The recent outbreak of fires began May 29, 2015, according to NASA fire alerts on the Global Forest Watch Fires (GFW Fires) platform, and alerts have have cropped up daily since then, with a total of 185 fires alerts. Of these, 47 of these have been high-confidence fire alerts, more likely to be associated with forest burning during land clearing for agriculture.
What’s more troubling is that these are just the latest fires to rip through the protected area, which is home to endangered Sumatran tigers and elephants, among other species. Despite legal designation as a protected area, the park actually has a lengthy history with agricultural encroachment and other threats.
Palm Oil Development and Tesso Nilo Park
Tesso Nilo was first established as a National Park in 2004. The boundaries were expanded in 2009, and the park is one of the last large areas of lowland tropical rainforest in Indonesia.
But encroachment into the park by thousands of settlers has been rampant. Since 2000, more than 47,000 hectares ( 116,000 acres) of tree cover has been cleared, making way for palm oil plantations and other development.
Fires are not a natural occurrence in Indonesian forests and rarely occur unless they are ignited by people. Although it is illegal to set fires, except for areas used for smallholder agriculture, burning is widely used across Riau Province in conjunction with the conversion of forests to palm oil or wood fiber plantations as a cheaper alternative to mechanical clearing. All fires within protected areas are illegal.
A major outbreak of fires in the park occurred during 2013. The illegal encroachment into the park and lack of enforcement of legal protection have been ongoing issues for years, and were even featured in the premiere of Showtime’s Years of Living Dangerously series, highlighting the role of deforestation in global climate change. Reports in the Indonesian press on July 3rd indicate that three individuals were arrested in connection with the recent fires in Tesso Nilo, yet active fires have continued burning through at least July 9th.

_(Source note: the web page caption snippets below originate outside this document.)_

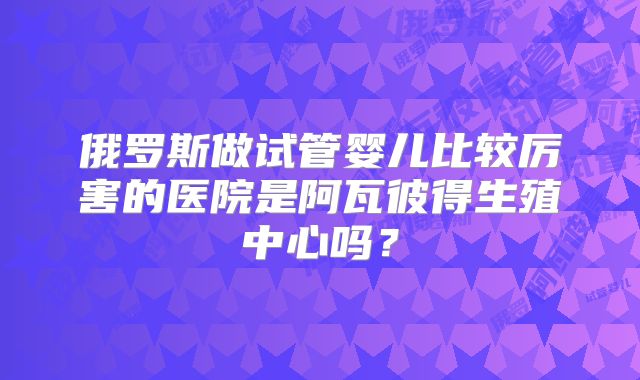 俄罗斯做试管婴儿比较厉害的医院是阿瓦彼得生殖中心吗?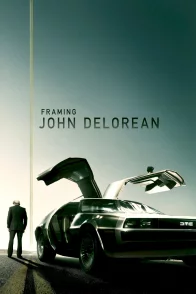 Affiche du film : Framing John DeLorean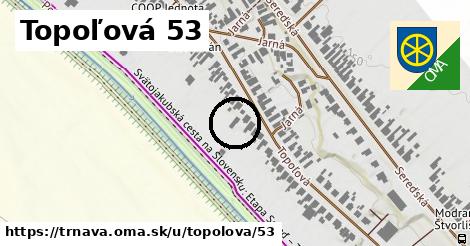 Topoľová 53, Trnava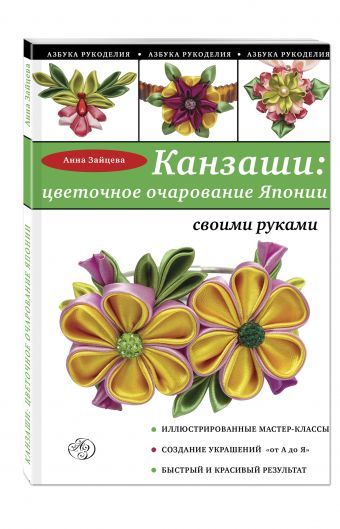 Канзаши: цветочное очарование Японии своими руками Канзаши: цветочное очарование Японии своими руками Зайцева А.А.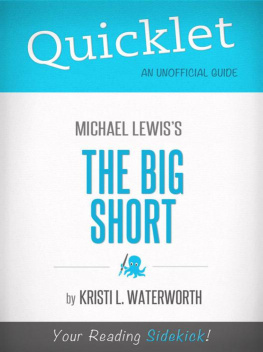 Kristi L. Waterworth Quicklet on Michael Lewis the Big Short: Cliffnotes-like Book Notes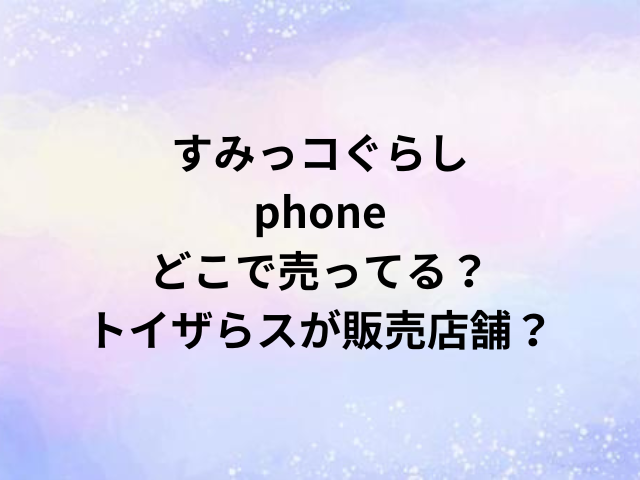 すみっコぐらしphoneどこで売ってる？トイザらスが販売店舗？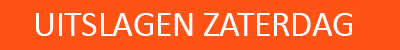 Zaterdag Uitslagen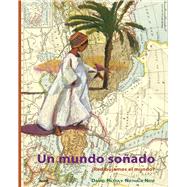 Un mundo soñado. ¿Redibujamos el mundo?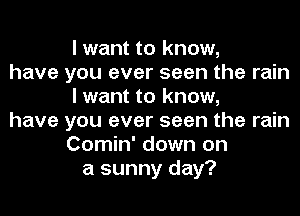 I want to know,
have you ever seen the rain
I want to know,
have you ever seen the rain
Comin' down on
a sunny day?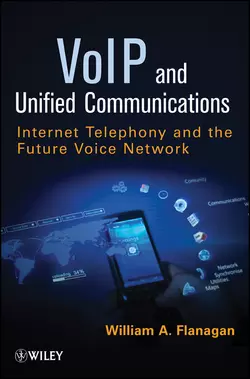 VoIP and Unified Communications. Internet Telephony and the Future Voice Network, William Flanagan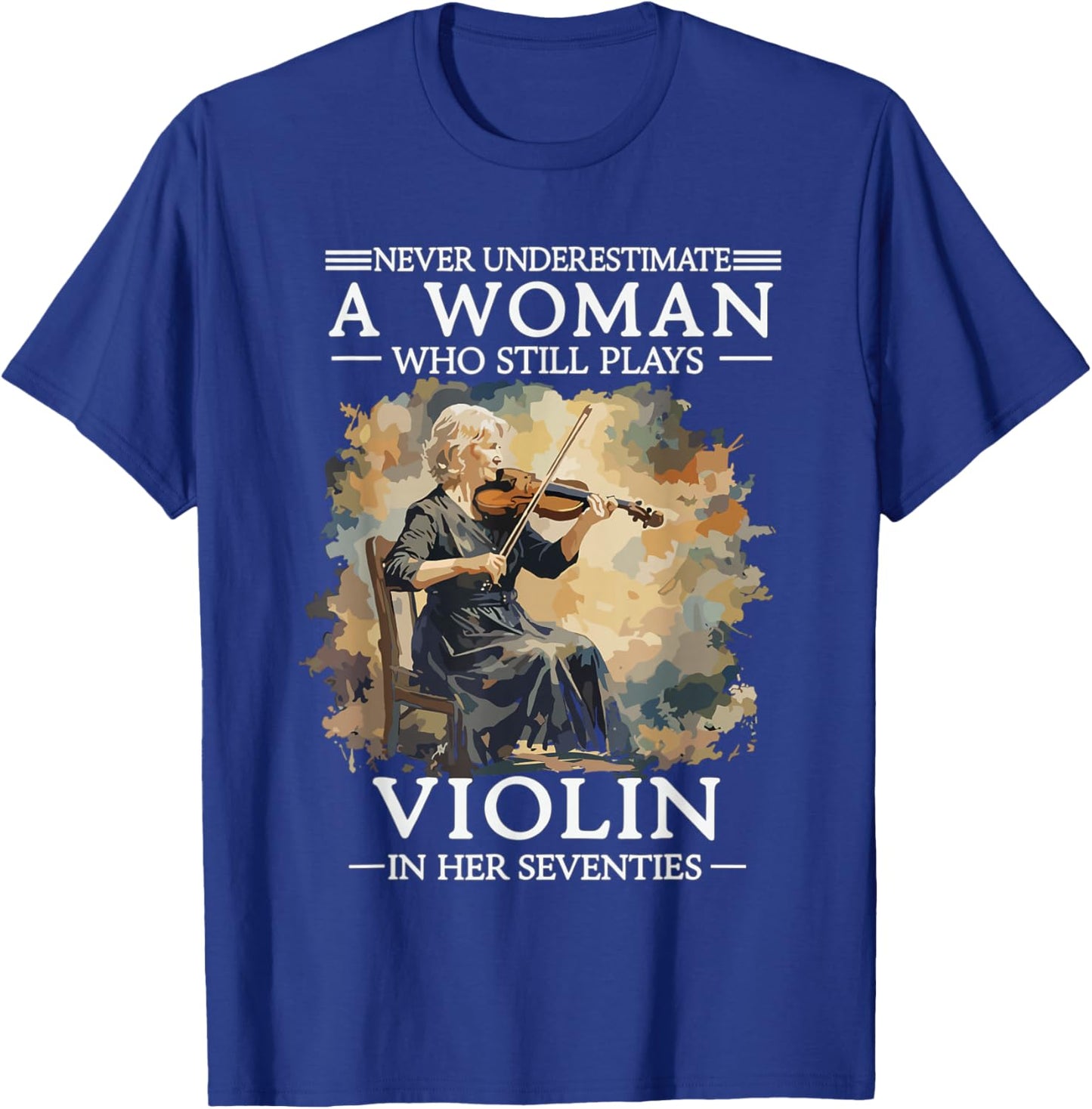 Never Underestimate A Woman Who Still Plays Violin in 70s T-Shirt - T-Shirt | Royal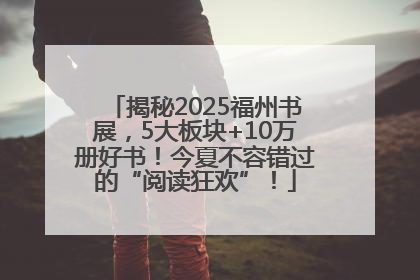 揭秘2025福州书展，5大板块+10万册好书！今夏不容错过的“阅读狂欢”！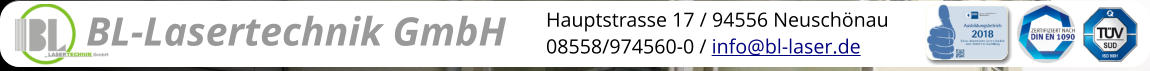 BL-Lasertechnik GmbH Hauptstrasse 17 / 94556 Neuschönau 08558/974560-0 / info@bl-laser.de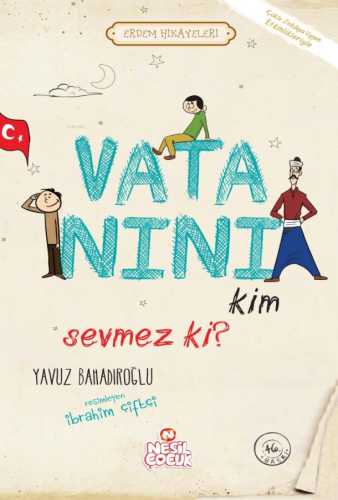 Vatanını Kim Sevmez ki? ;Erdem Hikayeleri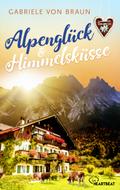 Alpenglück und Himmelsküsse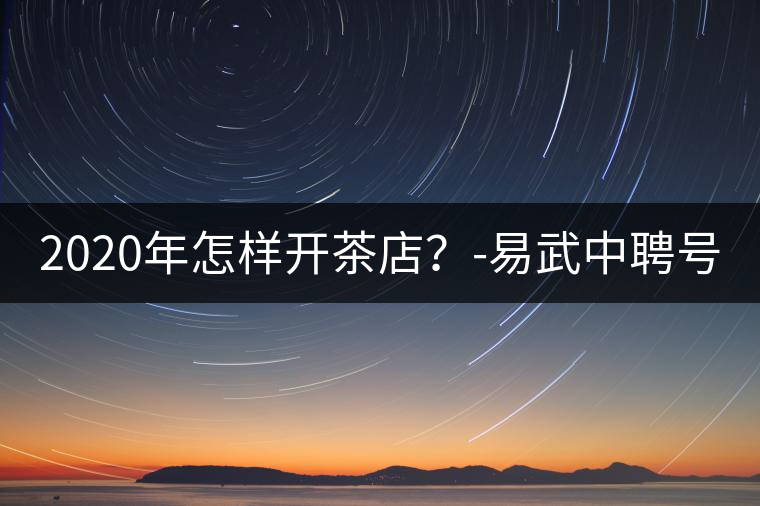 2020年怎樣開茶店？-易武中聘號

Concerns about Enforcement
Tesso Nilo is legally registered as a protected area, meaning that timber extraction and clearing of forest for agriculture are not allowed in the park. All national parks in Indonesia are doubly protected by the country’s recently renewed moratorium on new licenses to clear forest land. The fact that so much tree cover has been lost in recent years shows a lack of law enforcement.
What to Do Now?
The Indonesian government could show it is serious about its forestry laws by cracking down on illegal fires in Tesso Nilo and other areas. The Indonesian government already uses real-time fire alerts from satellites, and this information is also available to the public via tools like GFW Fires. High-resolution images can give the sort of detailed evidence needed for law enforcement officials to investigate illegal burning. And the Indonesian government could do so while still promoting oil palm development on already degraded lands outside of protected areas.
The country also needs the relevant government agencies and law enforcement bodies to act in unison against illegal land burning. The UKP4 task force established in 2014, but later disbanded, played an important leadership role in curbing fires and bringing legal action against perpetrators. Creating a similar task force today would be an important step in demonstrating that combating fires and enforcing the forest moratorium is a priority for Indonesia’s new leadership.
The public too, can increasingly play a role. Visit the GFW Fires site to find out the latest on the fires in Tesso Nilo. Click on the “sign up for alerts” button in the upper right corner of the map to get automatic email or SMS notifications of fire alerts in specific areas.
EDITOR'S NOTE: 7/14/15: This post was updated to emphasize that Tesso Nilo’s status as a national park should be the primary means by which the lands are protected from conversion, rather than the national forest moratorium, which is aimed at preventing the establishment of new conversion permits.